BEULAH — Michigan honey production grew 12.4 percent in 2013, but those rosy numbers resulted from a tough 2012 season, said Nathon Lane of Sleeping Bear Farms.
“The year prior was devastated by the drought,” he said. “The honey crop in the entire country was in a state of emergency for that year. You hoped there was no place to go but up from there.”
Michigan honey producers made 4.68 million pounds of honey in 2013, compared to 4.33 million in 2012 and 4.74 million in 2011. A severe drought in 2012 meant fewer plants bloomed for bees to gather nectar.
Honey prices were up by 10 cents in 2013, which Lane also attributes to low production in 2012 because farmers ran out of honey in the early summer before they could catch up with the 2013 harvest.

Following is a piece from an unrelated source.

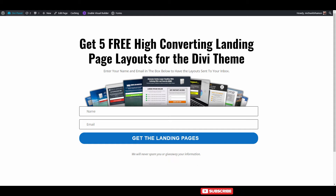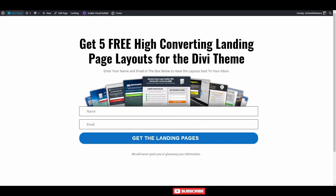The solution is to hook it up to an email autoresponder — and that's not Mailchimp, because Mailchimp has issues. Don't hook it up to Mailchimp, for a number of reasons. Here's what I do: I hook my email opt-in form up to my autoresponder.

“When we got into those months of summer when we’re still operating on the prior year’s honey harvest, everybody around the country that was so impacted by the drought started running out,” Lane said.
Trouble with bee health and a decline in bee populations, possibly resulting from pesticide use, lack of crop diversity, parasites and more, also means beekeepers must focus on building hives rather than making honey.
“Sick bees don’t make as much honey as healthy bees in the first place,” Lane said. “If all the beekeepers are spending their time building up the bees, that’s going to affect the honey production flow.”